About this exercise: From the records below, print exactly the lines starting at the one containing "Vintage Seiko 5" and ending at the one containing "Cùng là bánh", ends included, and nothing else.

========================================

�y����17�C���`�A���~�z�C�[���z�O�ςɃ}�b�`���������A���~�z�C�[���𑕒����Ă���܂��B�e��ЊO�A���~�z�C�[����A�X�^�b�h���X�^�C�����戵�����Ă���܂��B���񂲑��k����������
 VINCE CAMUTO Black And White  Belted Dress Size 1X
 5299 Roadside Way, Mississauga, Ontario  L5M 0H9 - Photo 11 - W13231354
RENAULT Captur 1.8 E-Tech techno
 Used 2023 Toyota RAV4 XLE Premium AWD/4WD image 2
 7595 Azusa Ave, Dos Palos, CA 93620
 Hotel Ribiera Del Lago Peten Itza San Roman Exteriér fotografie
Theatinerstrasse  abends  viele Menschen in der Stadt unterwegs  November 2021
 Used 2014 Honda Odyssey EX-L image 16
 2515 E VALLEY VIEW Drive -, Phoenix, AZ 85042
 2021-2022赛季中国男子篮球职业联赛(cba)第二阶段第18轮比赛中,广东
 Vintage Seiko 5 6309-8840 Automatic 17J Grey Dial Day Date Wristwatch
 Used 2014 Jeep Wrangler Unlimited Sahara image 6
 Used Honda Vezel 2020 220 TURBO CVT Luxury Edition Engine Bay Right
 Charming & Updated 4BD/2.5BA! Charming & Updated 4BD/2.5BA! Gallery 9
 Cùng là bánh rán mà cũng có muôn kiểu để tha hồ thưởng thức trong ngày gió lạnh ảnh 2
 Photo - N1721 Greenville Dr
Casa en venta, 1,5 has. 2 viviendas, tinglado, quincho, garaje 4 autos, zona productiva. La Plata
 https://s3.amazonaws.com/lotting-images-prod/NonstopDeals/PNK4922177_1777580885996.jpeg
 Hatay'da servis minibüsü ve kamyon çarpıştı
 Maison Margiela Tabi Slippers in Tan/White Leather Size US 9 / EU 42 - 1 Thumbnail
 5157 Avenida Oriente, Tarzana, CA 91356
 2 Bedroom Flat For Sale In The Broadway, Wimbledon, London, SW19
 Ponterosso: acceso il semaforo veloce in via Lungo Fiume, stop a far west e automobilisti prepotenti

========================================

Expected answer:
 Vintage Seiko 5 6309-8840 Automatic 17J Grey Dial Day Date Wristwatch
 Used 2014 Jeep Wrangler Unlimited Sahara image 6
 Used Honda Vezel 2020 220 TURBO CVT Luxury Edition Engine Bay Right
 Charming & Updated 4BD/2.5BA! Charming & Updated 4BD/2.5BA! Gallery 9
 Cùng là bánh rán mà cũng có muôn kiểu để tha hồ thưởng thức trong ngày gió lạnh ảnh 2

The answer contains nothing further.